In selecting her Cabinet, Aquino demonstrated an understanding of
politics that impressed even her harshest Washington critics. Except
for two Marcos holdovers--Defense Minister Enrile and Central Bank
Governor Jose Fernandez--the 16 men and one woman given ministerial
portfolios represent the spectrum of centrist opposition that
supported Aquino's candidacy.

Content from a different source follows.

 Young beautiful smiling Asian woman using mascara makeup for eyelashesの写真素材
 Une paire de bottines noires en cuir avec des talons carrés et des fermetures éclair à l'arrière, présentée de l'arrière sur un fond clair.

The Cabinet has a firmly middle-class,
moderate cast that is so reflective of Aquino's own background and
political views that a reporter at her first press conference
pointedly asked whether the choices were too "elite." The Cabinet
selections did not please the far left, which decried them as
"bourgeois," but the ministers' middle-of-the-road credentials should
appeal to the business community and the international lending
institutions on which the Philippine economy depends for recovery.
As important, Aquino's choices were widely recognized in both the
Philippines and the U.S. as competent and dedicated, a far cry from
the Marcos period, when many top positions in government went to
relatives, friends and palace cronies.
The most prominent member of the Cabinet is Aquino's Vice President,
Salvador ("Doy") Laurel, 57, a childhood friend of her husband's and
a former Marcos supporter who did not join the opposition until 1980.

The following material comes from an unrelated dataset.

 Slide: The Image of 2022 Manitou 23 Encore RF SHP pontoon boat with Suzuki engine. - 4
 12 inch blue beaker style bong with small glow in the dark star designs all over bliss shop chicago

Laurel was also named Prime Minister and Foreign Minister. The
triple titles and double portfolio were largely a prearranged reward
for Laurel, who set aside his own presidential ambitions last
December to become Aquino's running mate in the Feb.7 election. As
her part of the deal, Aquino, who had no party affiliation, agreed at
the time to run on the ticket of Laurel's party, the United
Nationalist Democratic Organization (UNIDO). The compromise ensured
a united opposition ticket but angered leftists, who distrust Laurel
and what they describe as his pro-American views.
Two figures close to Laurel joined the Cabinet: Luis Villafuerte,
50, an investment banker and lawyer, who was chosen to head a
presidential commission on government reorganization, and Ernesto
Maceda, 50, also a lawyer, who received the Natural Resources
portfolio. Both men, like Laurel, are former Marcos allies who
severed their ties with him some years ago.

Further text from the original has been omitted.